A finales del año pasado, J me preguntó si quería formar parte de un proyecto. Me dijo que, luego de haber conversado con unos amigos, habían decidido crear una editorial. Yo le pregunté si en el momento de tal decisión estaban ebrios, pues tales proyectos, como le expliqué, surgen siempre casi a las tres de la madrugada, cuando el licor se ha acabado y uno de los menos lúcidos dice: «Oigan, ¿y si formamos una editorial?». Pero ese no fue el caso, me aclaró J. Me dijo que el objetivo principal era crear una editorial accesible a jóvenes y talentosos escritores. Por razones experimentales y económicas, se publicaría un poemario. Para empezar.
El afán lucrativo estaba lejos de esta editorial, me dijo también J; por lo tanto, cada uno aportaría con su mejor habilidad. Así, luego de designar las labores que haría cada uno (corrección de estilo, cuidado de la edición, etc.), nos pusimos a votar por un nombre. La democracia nos condujo a que se llamara Agalma. Luego pasamos a la selección del manuscrito mejor logrado de los que teníamos a disposición y, finalmente, pusimos manos a la obra.

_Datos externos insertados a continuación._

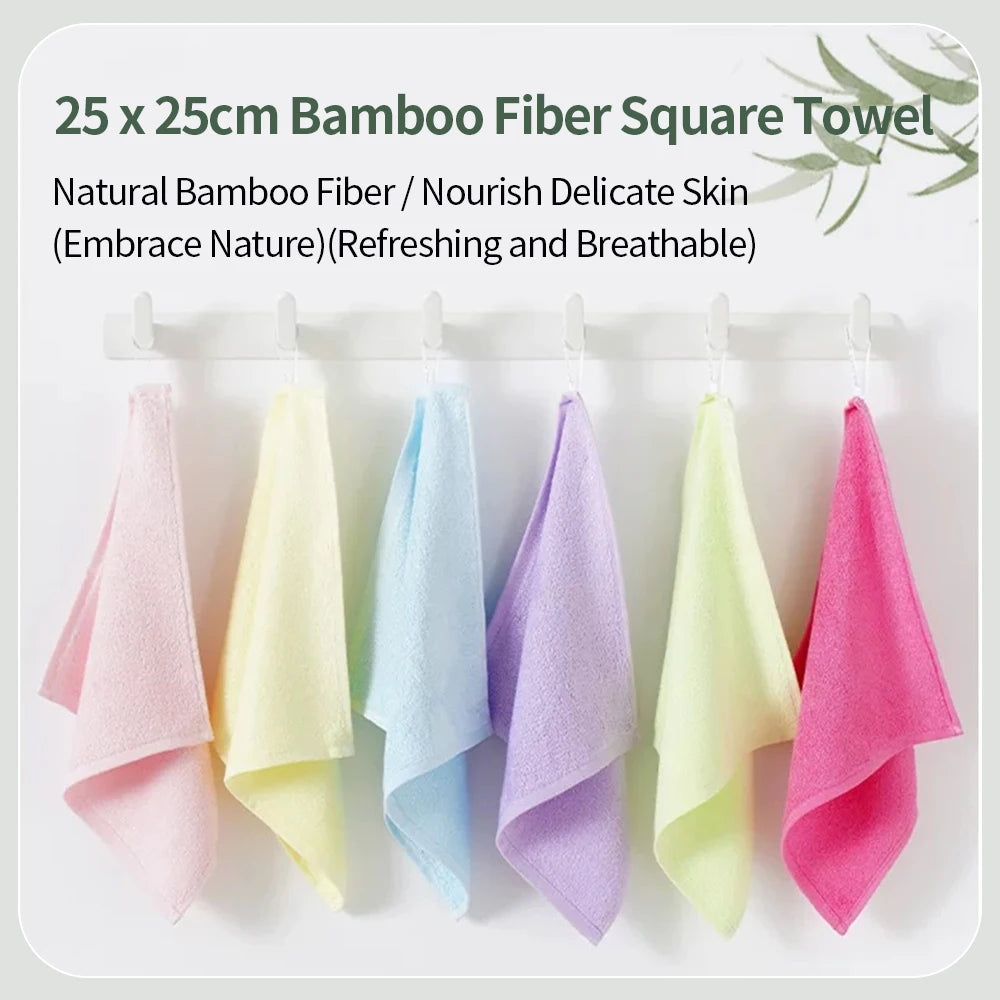 | ノベルティ用品 | 竹繊維素材ミニタオル｜25×25c｜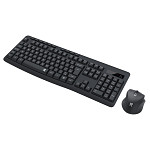 Kit Teclado e Mouse Office Redragon Membrana S/Fio USB 2.4GHz Full Size 4000DPI Preto - BS-7367-B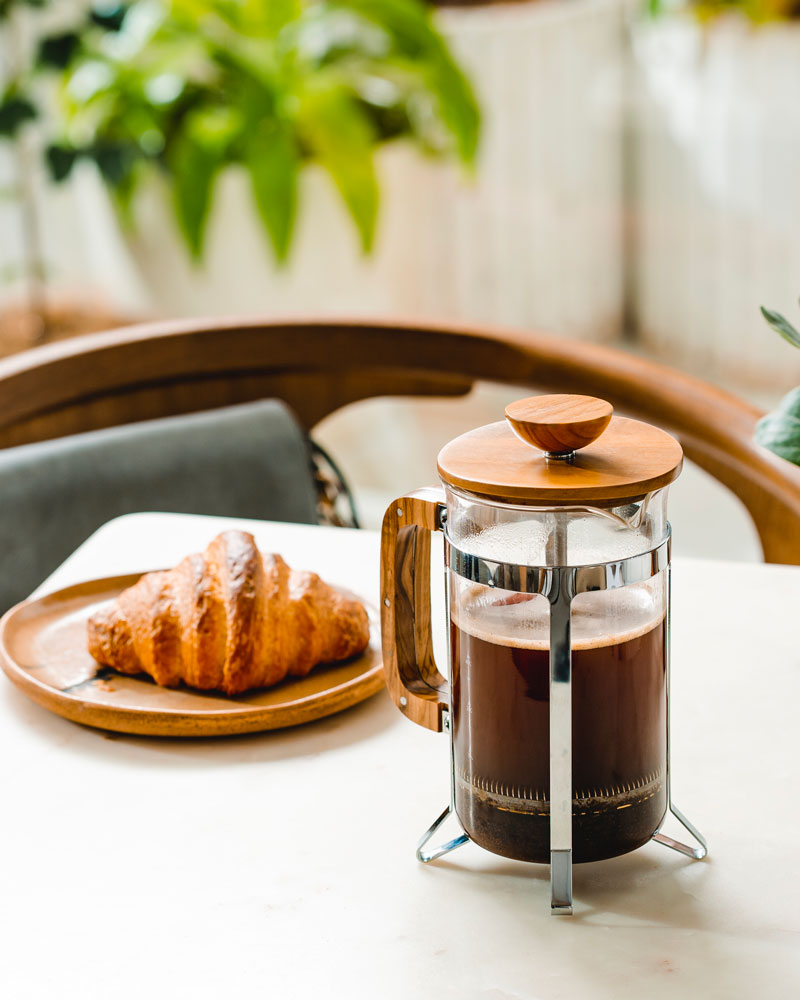 Cafetière à Piston Lacor French Press 6 Tasses - Araku Café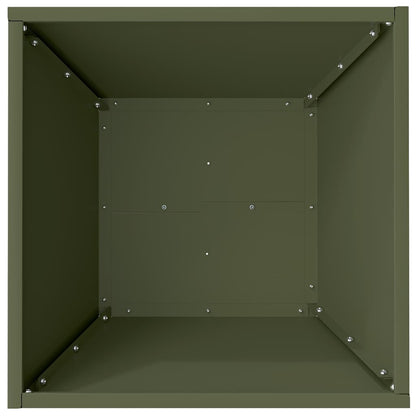 vidaXL Garden Planter 5 pcs Olive Green 40 x 40 x 15 cm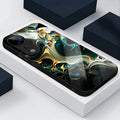 Vivo V40 Pro 5G Premium Acrylic Shockproof Glass Back Case (Ocean Ember)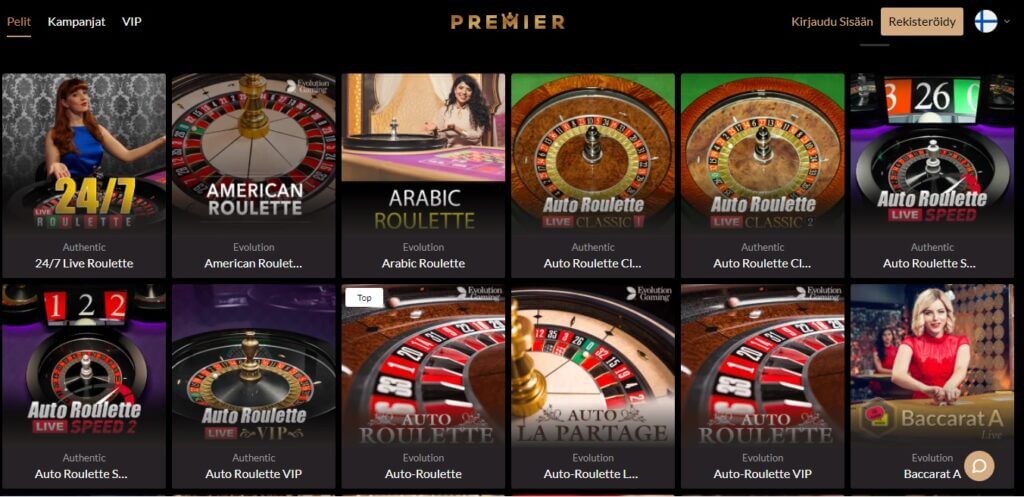 Premier live-casino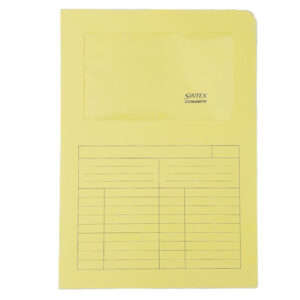 Cartelline a L con finestra Sintex - cartoncino 120 gr - 22x31cm - giallo - Blasetti - conf. 50 pezzi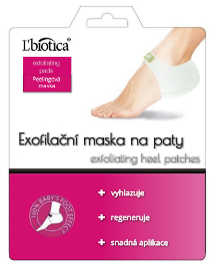 L'BIOTICA Exfolikační maska na paty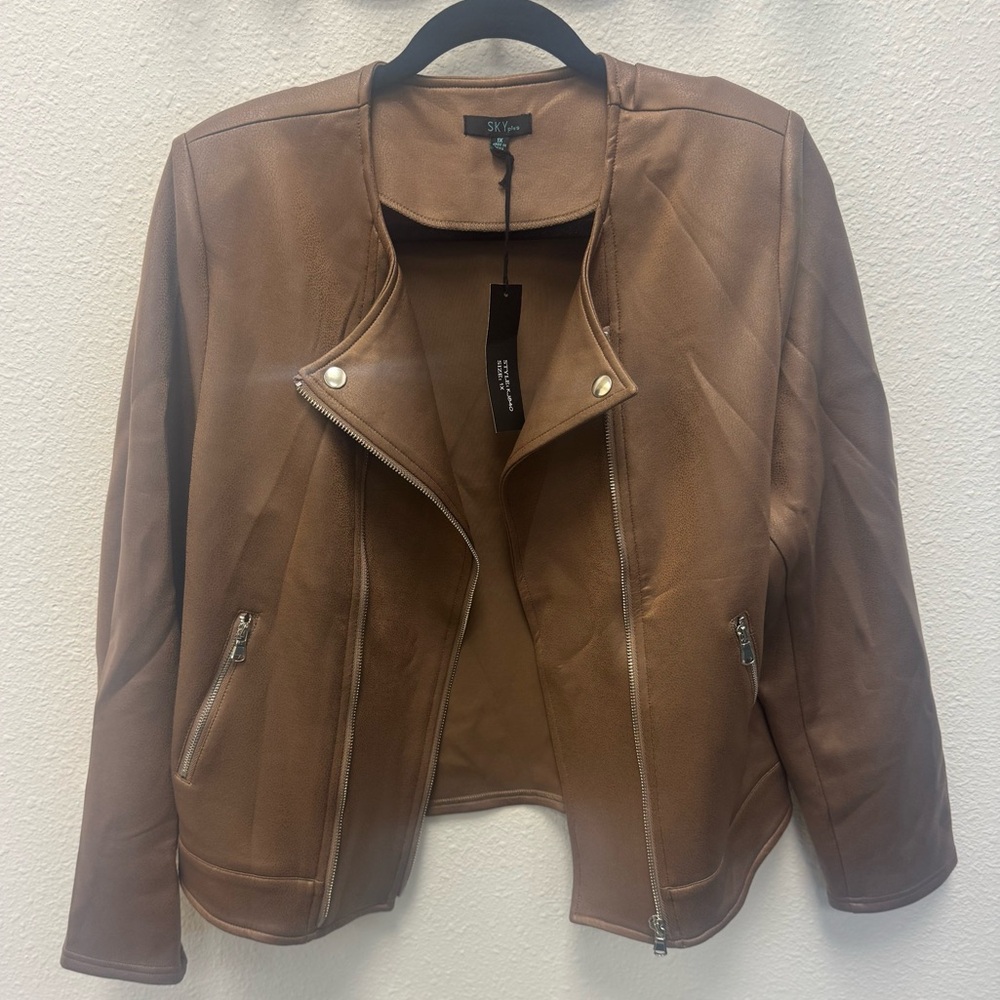 FAUX MOTO JACKET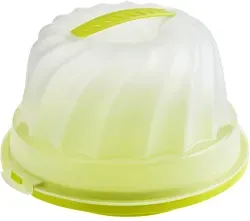 Rotho FRESH Gugelhupf- Kuchenbehälter 1721105070 , Farbe: transparent / grün
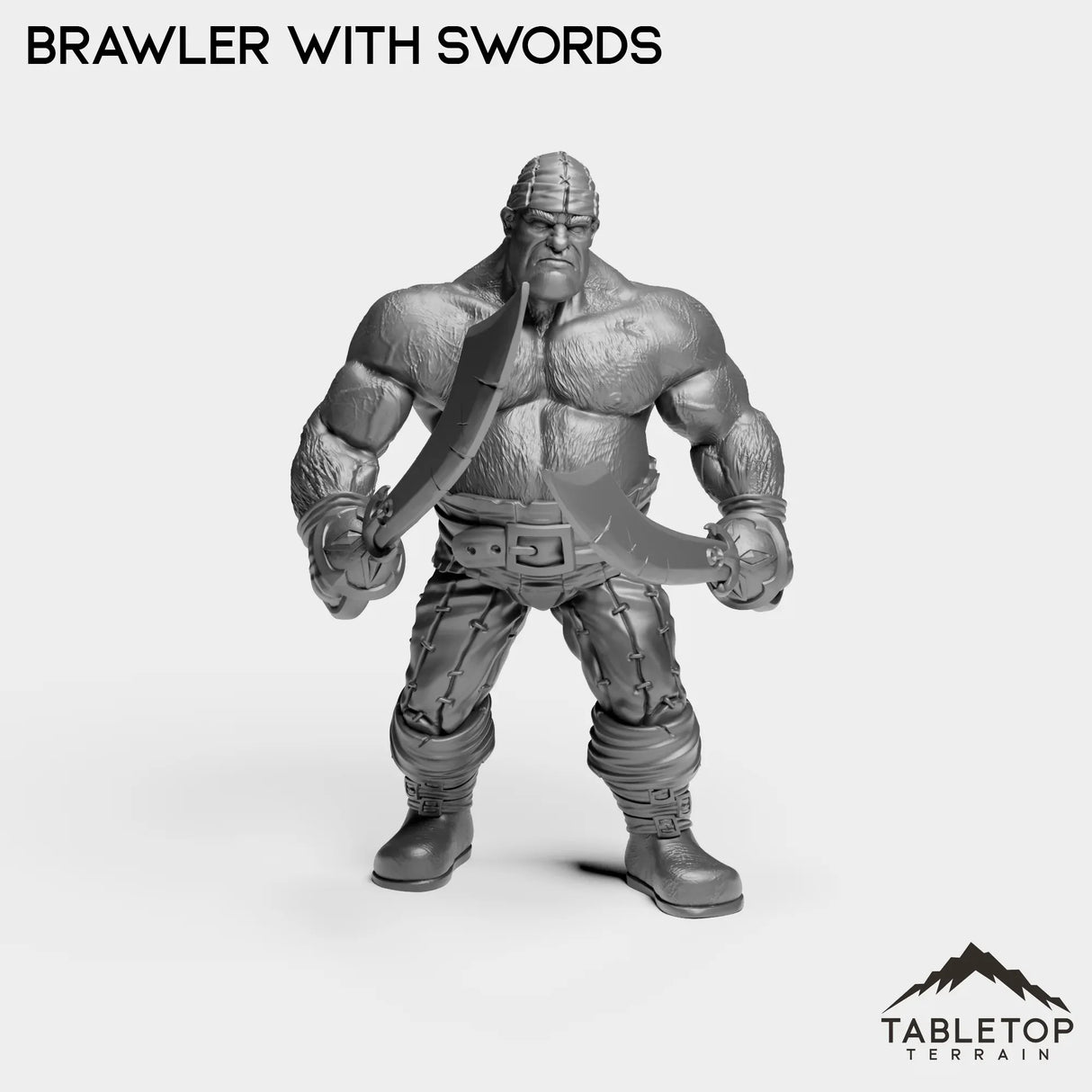 Tabletop Terrain Miniature Brawler with Swords Sailor Brawler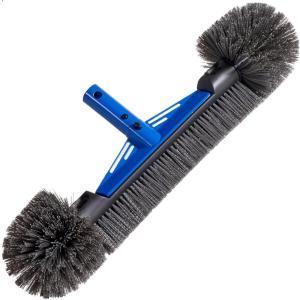 image:imageBest Choice Products 20 Pool Brush with 9 ft Aluminum Pole  HeavyDuty Swimming Pool Wall amp Floor Cleaning SetPool Brush Only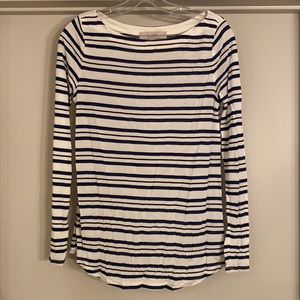 LOFT - lightweight long sleeve w/ boat neck - XS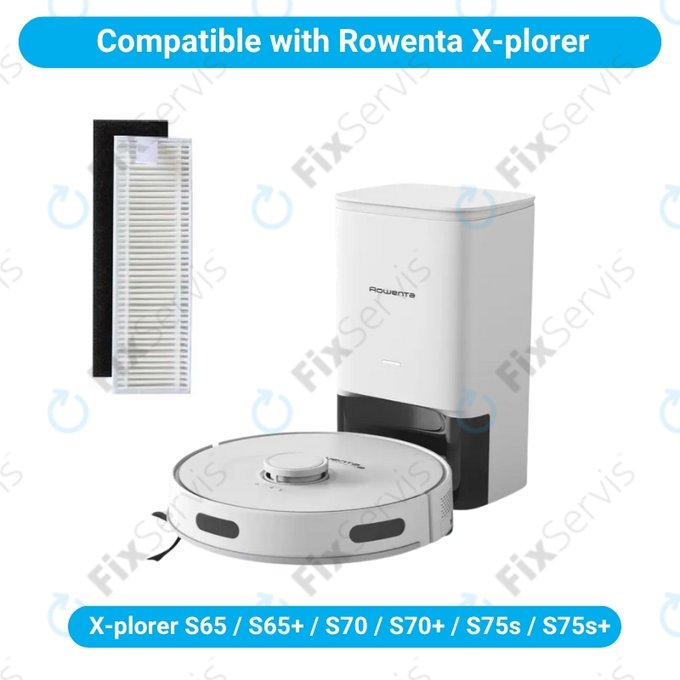 HEPA filter, 2 ks pre Rowenta X-plorer S65, S65+, S70, S70+, S75s, S75s+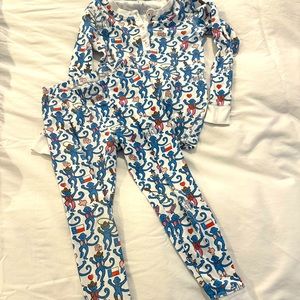 Roller Rabbit Texas monkey pajamas
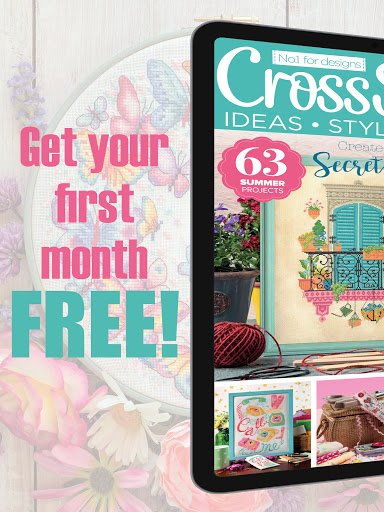 Screenshot of CrossStitcher Magazine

Para el mes de abril, donde se necesitaban muchas manos, pues era el mes en que se tenía que imprimir el poemario, estuve enyesado del brazo derecho. Felizmente, unas semanas antes había enviado los diseños del logotipo de la editorial y de la tapa del primer poemario. Esa fue toda mi colaboración. Ya hacia finales de mayo se presentó el libro y pude ver por fin el fruto de nuestros jóvenes sueños: era bello. No podía creer que habíamos logrado crear algo de apariencia tan hermosa y con tan pocos recursos.
Ahora que han pasado varios días desde que nos pusimos a celebrar la aparición de este buen primer libro, miro con cierta distancia el proyecto que en pocos meses pasó de su forma gaseosa y se materializó. Un proyecto que tiene por delante un largo viaje. Y al que, con toda franqueza, le deseo el mejor de los horizontes.